CBS' David Martin explained that it was because Snowden worked in the IT department, debugging software, that he had access to the closely-held secrets that he leaked, which were above his level of clearance. CBS' in-house ex-spook John Miller surmised that this is what Snowden meant when he said he was "authorized" to tap into the NSA's database -- not that he had legal authority to do so, but that he had the IT systems access to do so.

Andrea Mitchell took the opportunity to showcase NBC's newsgathering prowess in her update of the Snowden story. She used a soundbite from her own Exclusive sitdown with Director James Clapper, in which he denounced Snowden's leaks as damaging. She quoted from the appearance by The Guardian's scooper Glenn Greenwald on NBC's Today. She folded in a stand-up from Ian Williams, NBC's correspondent in Hong Kong. And she used a couple of soundbites she had gathered herself earlier in the day on her lunchtime program Andrea Mitchell Reports on MSNBC.

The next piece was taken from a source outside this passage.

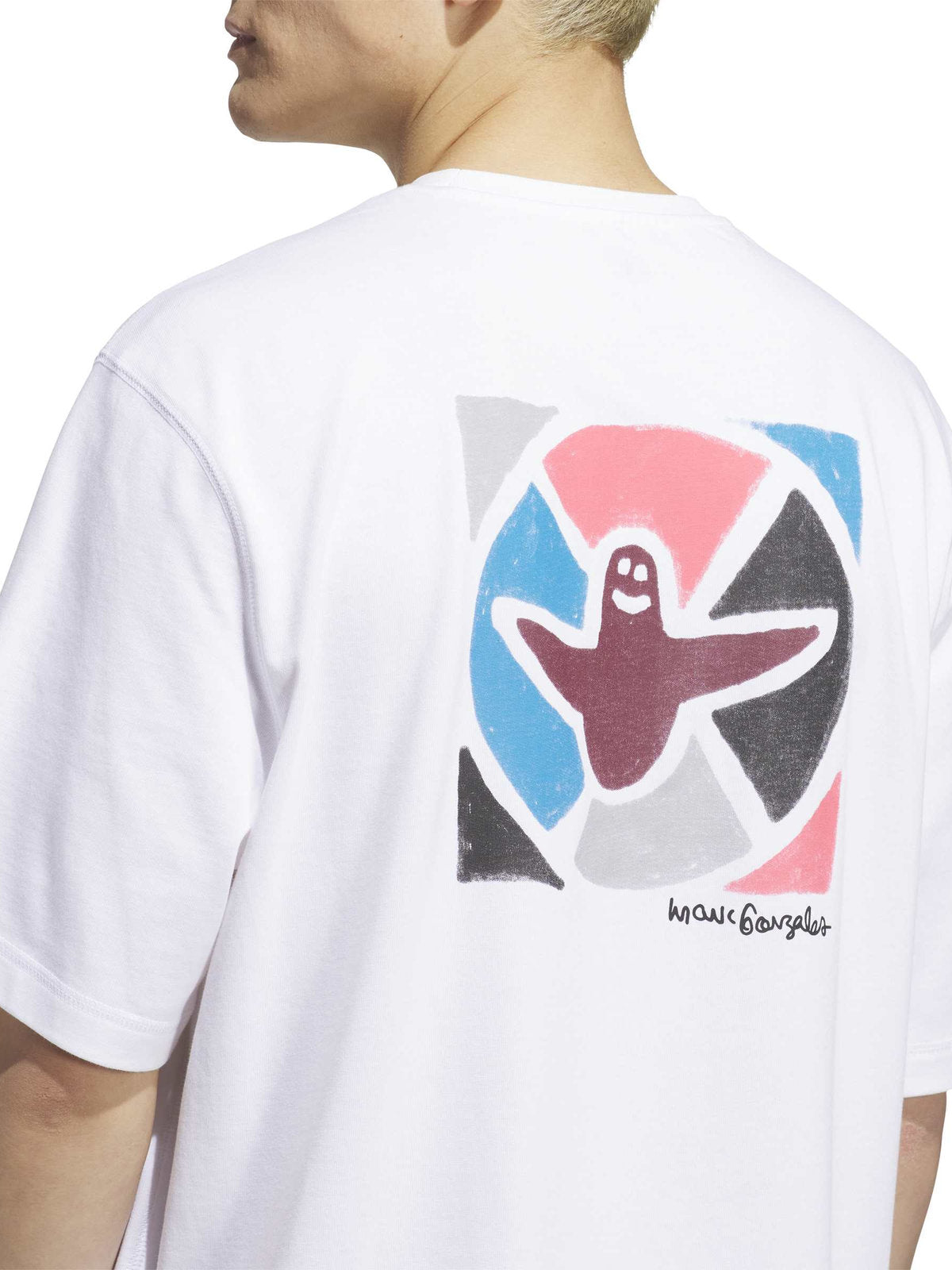 Teeshirts Adidas Gonz Mod Tee White, gros plan sur l'imprimé graphique au dos porté par un mannequin de trois-quarts dos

The Snowden manhunt presented the perfect opportunity to draw back the curtain on what David Martin, CBS' man at the Pentagon, dubbed the "espionage-industrial complex." Both he and NBC's Lisa Myers detailed the mushrooming of the spy business in the decade since the attacks of September 11th, 2001. They both counted -- and ABC's Brian Ross did too -- the hundreds of thousands of workers (Ross 850K, Myers 1.4m, Martin 791K plus 483K) with a top secret clearance, both working for the government and for corporations that are the business of government contracting. The boss of Booz|Allen|Hamilton, Snowden's employer, is the former Director of National Intelligence, Martin noted, and the current Director of National Intelligence, is the former boss of Booz|Allen|Hamilton.

NBC's Myers offered a plug to author William Arkin's book Top Secret America. Both she and CBS' Martin went down the list of businesses, both household names and inside-the-Beltway shadows, that profit from the espionage-industrial complex. Those you have heard of: Boeing, General Dynamics, Hewlett Packard, IBM, Lockheed Martin, Northrup Grumman, Raytheon; and those whose you have not: Booz|Allen|Hamilton, CACI, CSC, Harris, Intelligent Decisions, L3 Stratis, ManTech, Parsons, Praxis, Proteus, SAIC, Serco, TASC, URS.